Trudno mówić o witaminie B ogółem. Jeśli jednak mielibyśmy pokusić się o uogólnienia, to powiedzielibyśmy pewnie, że witaminy z grupy B czuwają nad prawidłowym funkcjonowaniem układu nerwowego. Sprawiają, że lepiej działa zarówno nasza pamięć, koncentracja, lepiej radzimy sobie z emocjami. Stanowią płaszcz ochronny przeciw zaburzeniom nastroju tj. depresja. Łagodzenie stresu to jednak nie wszystko, co potrafią. Odgrywają także znaczącą rolę przy regulacji pracy układu trawiennego, zabezpieczając przed dolegliwościami z jego strony: nudnościami, wymiotami czy biegunką. Uczestniczą w procesach metabolicznych i mają wpływ na poziom rzeczywiście odczuwanej energii oraz na odporność.

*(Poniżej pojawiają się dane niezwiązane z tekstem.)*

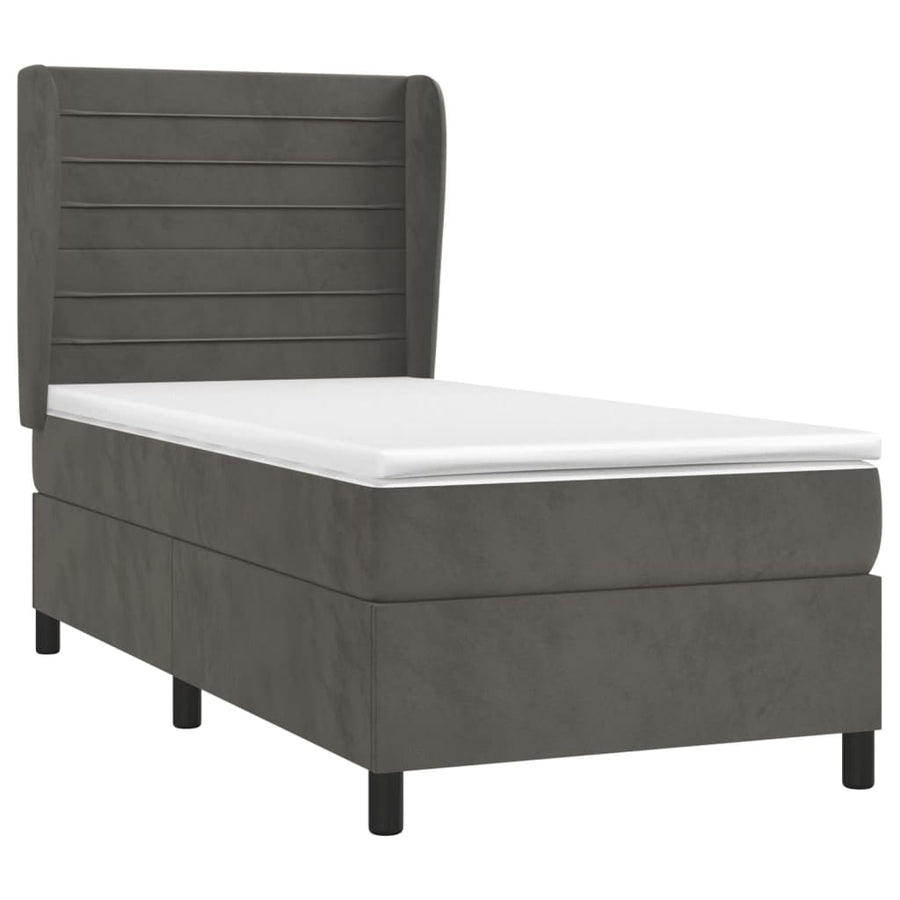 Boxspring Met Matras Fluweel Donkergrijs 90 x 190 cm Horizontale strepen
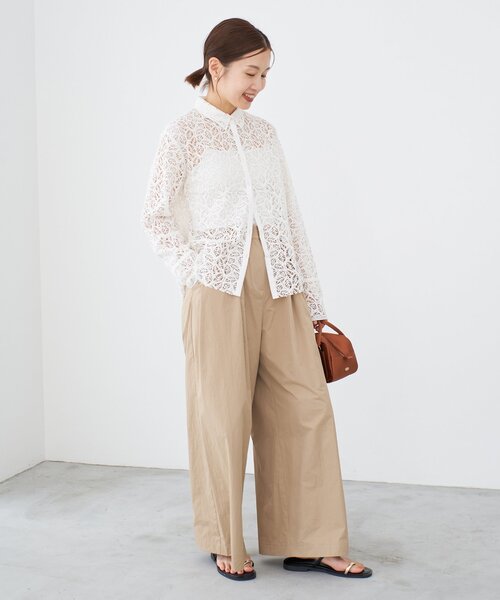 IENA ラッセルレース　シャツ　todayful セール】《追加》ラッセルレースシャツ（シャツ/ブラウス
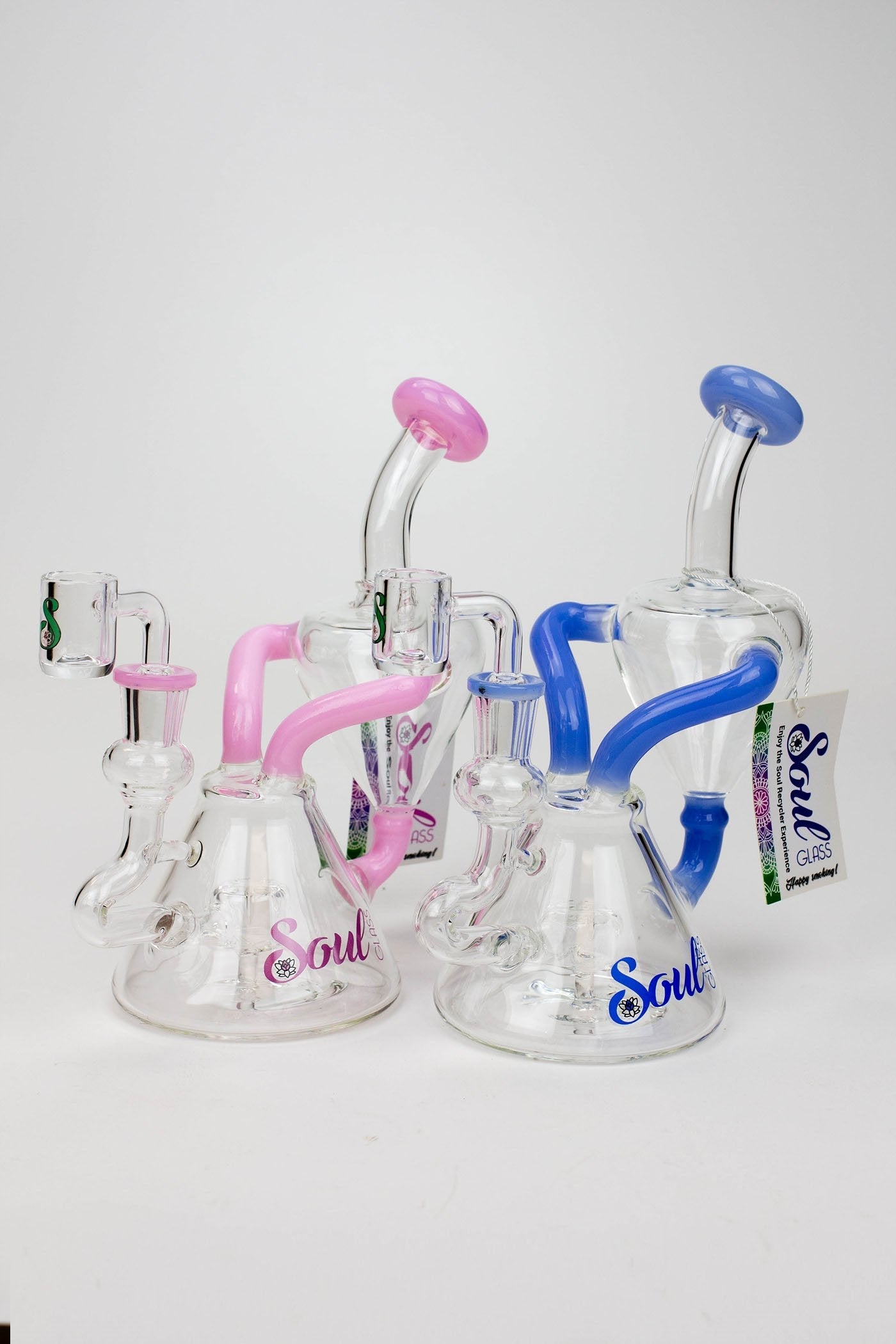 8" SOUL Glass 2-in-1 single chamber recycler bong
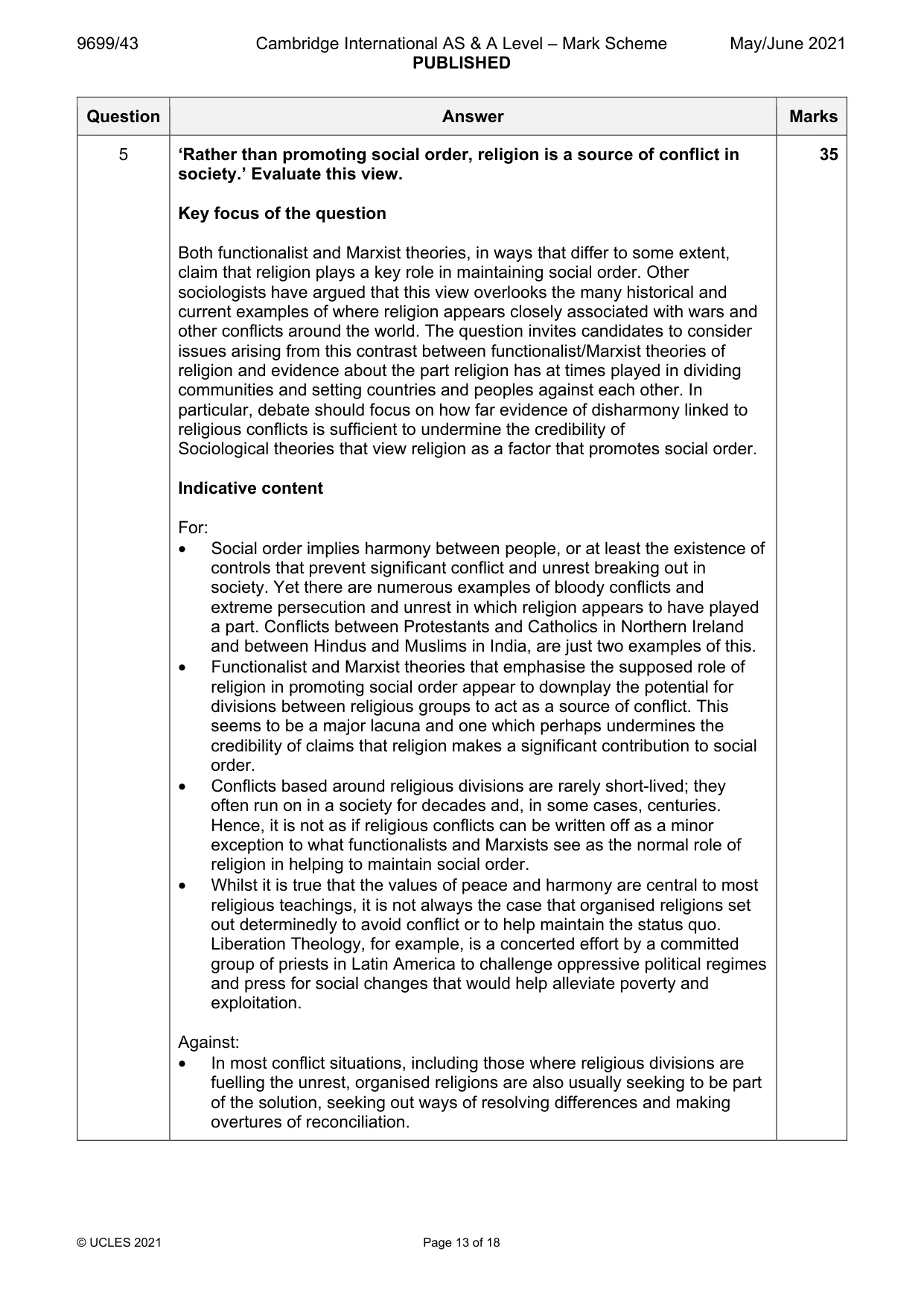 Mark scheme, page 13 of 18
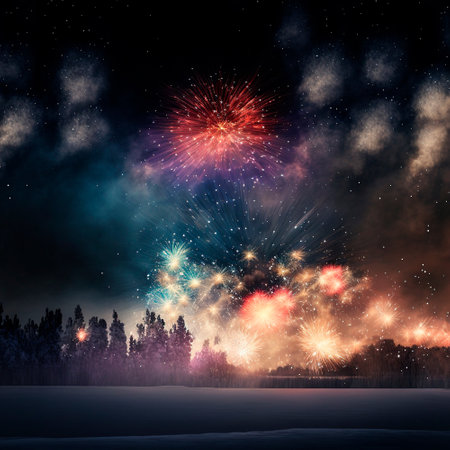 Bright night sky with fireworks. High quality illustrationの写真素材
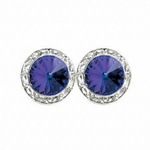 Rhinestones Unlimited 15mm starlight performance rhinestone earrings in Tanzanite, front view showing pair of blue-violet rivoli center stones with clear rhinestone pave halo in silver-tone setting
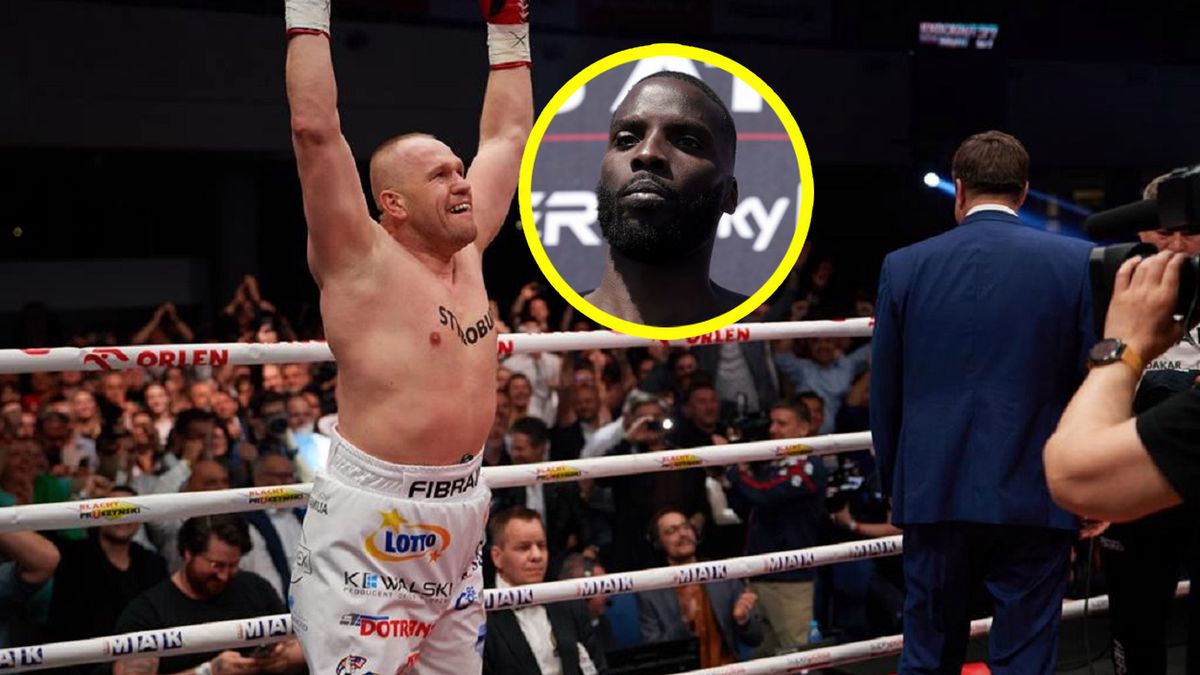 Materiały prasowe / Piotr Duszczyk/boxingphotos.pl / Na zdjęciu: Łukasz Różański, w kółeczku Lawrence Okolie (Getty Images/Andrew Matthews, PA Images)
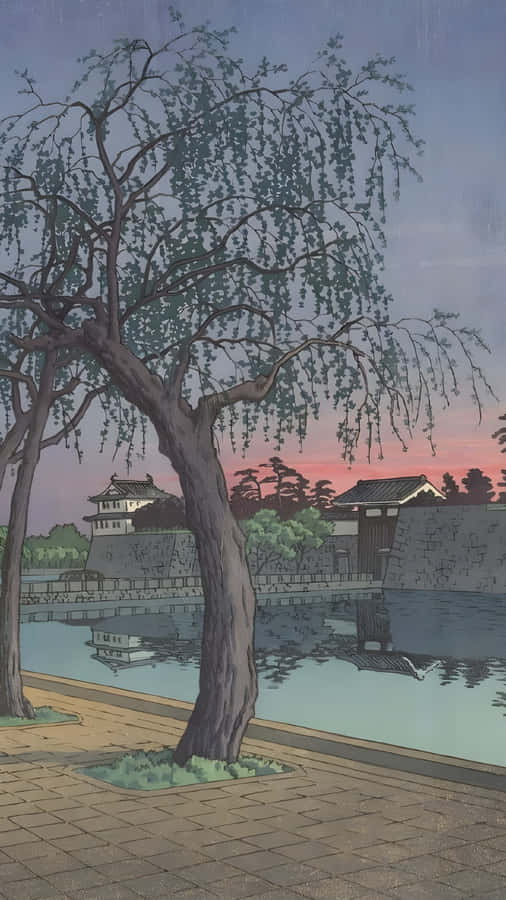 Kawase Hasui Evening Landscape Wallpaper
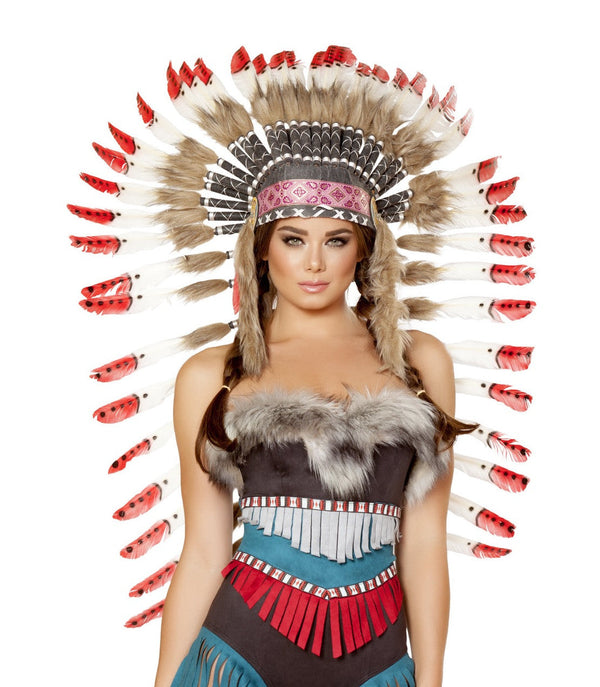 Indian Headdress with Red Tips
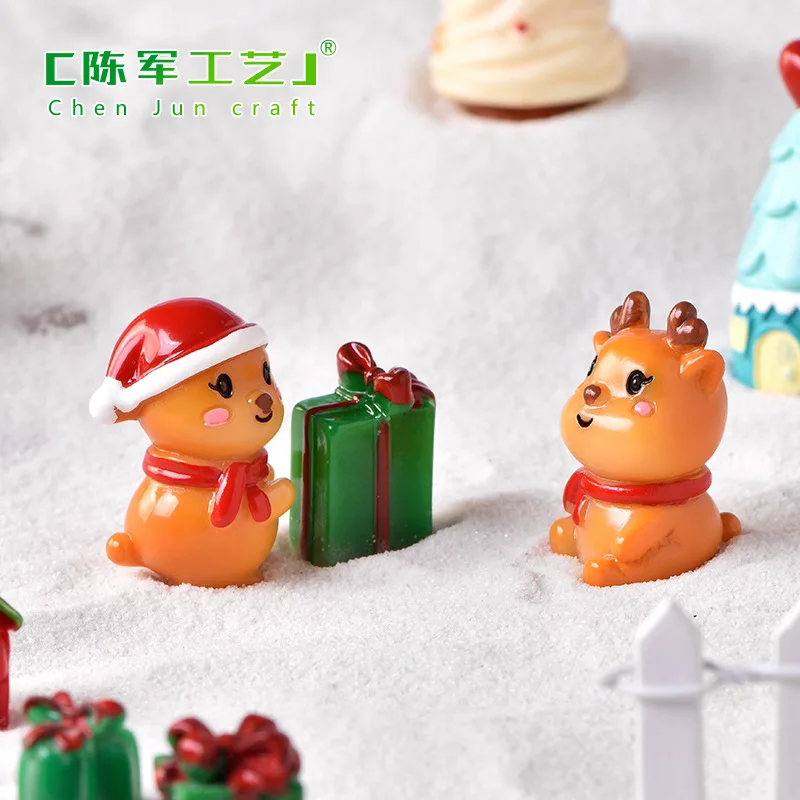 chunjun Cake Series Landscape Snow Accessories Christmas Tree fawn cute home decoration resin crafts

Gdzie ich szukać? Tu także nie ma w pełni uniwersalnej odpowiedzi, ponieważ poszczególne witaminy z grupy B często znajdują sobie nieco inne ?mieszkania?. Zazwyczaj jednak pod dostatkiem ich w pełnoziarnistych produktach zbożowych, warzywach strączkowych, mięsie (w szczególności w wątróbce). Nie do pogardzenia okazują się pokarmy na bazie drożdży i nabiał. Skąd wzięło się więc przekonanie, że wegetarianie daleko nie pociągną na swojej bezmięsnej diecie, bo prędzej czy później dorobią się niedoborów naszej „B”ohaterki? Obawa ta jest po części uzasadniona, ale jedynie w przypadku pojedynczej witaminy B12, która znajduje się wyłącznie w produktach pochodzenia zwierzęcego tj. mięso, ryby, jaja, mleko i jego przetwory. Witamina B12, zwana też kobalaminą, chroni nas przed anemią. Inna popularna witamina z grupy B – witamina B9 czyli kwas foliowy (również B11), jest znana głównie ze względu na zasadniczy wpływ na rozwój cewy nerwowej i zapobieganie wadom wrodzonym u rozwijającego się w łonie matki dziecka. Kwas foliowy jest jednak potrzebny nie tylko kobietom w ciąży, a kobietom w ogóle, a także , o czym często zapominamy – panom. U mężczyzn kwas foliowy wpływa m. in. na jakość nasienia.